Use /config in the TUI to switch the default level, language, and automatic compression. Set ui.language to zh-CN for a Chinese UI. Completion notifications can be configured under ui.completion_notification. Non-Windows platforms use the terminal bell for completion sound.

See configuration for all supported options and config.example.json for a detailed example.

Documentation

Core Ideas

  • The agent has exactly one external action surface: run_python.
  • Managed scripts run in a project-shared uv environment; scripts add third-party dependencies to that environment with add_dependency.
  • The distributed package includes both uv_agent and uv_agent_runtime; managed scripts import helpers from uv_agent_runtime.
  • Installed plugins can register additional uv_agent_runtime helpers, subscribe to agent events, and submit turns from external systems while preserving the single run_python action boundary.
  • Workspace rules, skills, and MCP declarations are progressively disclosed as context.
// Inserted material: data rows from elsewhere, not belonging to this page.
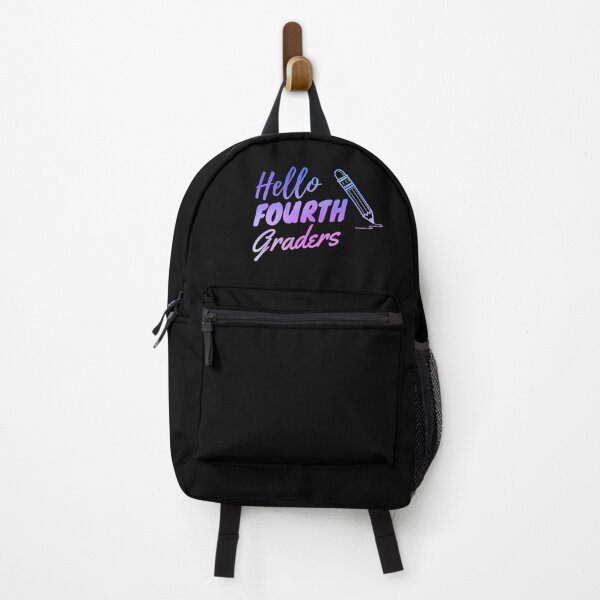 Item preview, Hello Fourth Graders designed and sold by TyronMorgan.
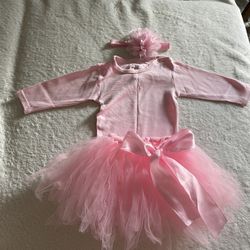 Baby Girl Outfit
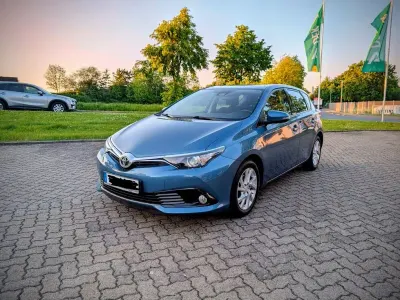 Gebraucht Toyota Auris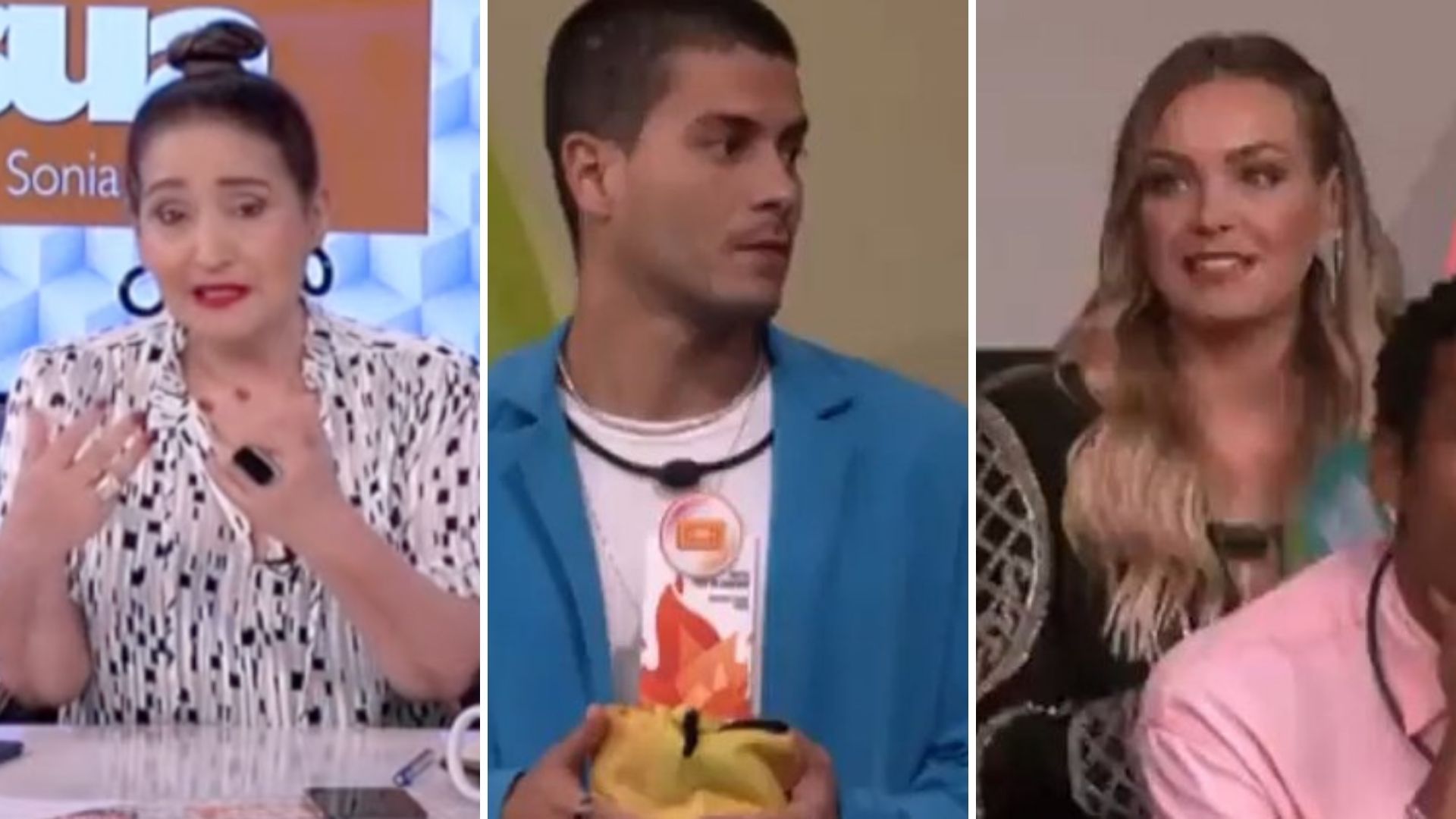 Sonia Abrão detona Bárbara Heck após insulto contra Arthur Aguiar: “Absurdo”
MCP calls happen from Python runtime helpers, not direct model tools.
  • Thread state, run logs, the shared script environment, and attachments live under ~/.uv-agent/projects/<project-id>/.

Context Management

uv-agent's context management is one part of its Harness Engineering approach: it brings the agent's inputs, actions, state, and exception handling into an explicit engineering protocol so long-running work remains traceable, recoverable, and maintainable. Two mechanisms anchor the design: checkpoint compaction creates durable continuation points, and the single run_python execution surface makes every external action flow through the same event stream.

  • Incremental, fingerprinted updates. Runtime environment, model levels, helpers, skills, and MCP declarations are split into context parts. Only changed dynamic parts are re-sent inside <context_update ...> messages; unchanged parts remain current within the epoch, and removed skills or MCP servers are explicitly tombstoned.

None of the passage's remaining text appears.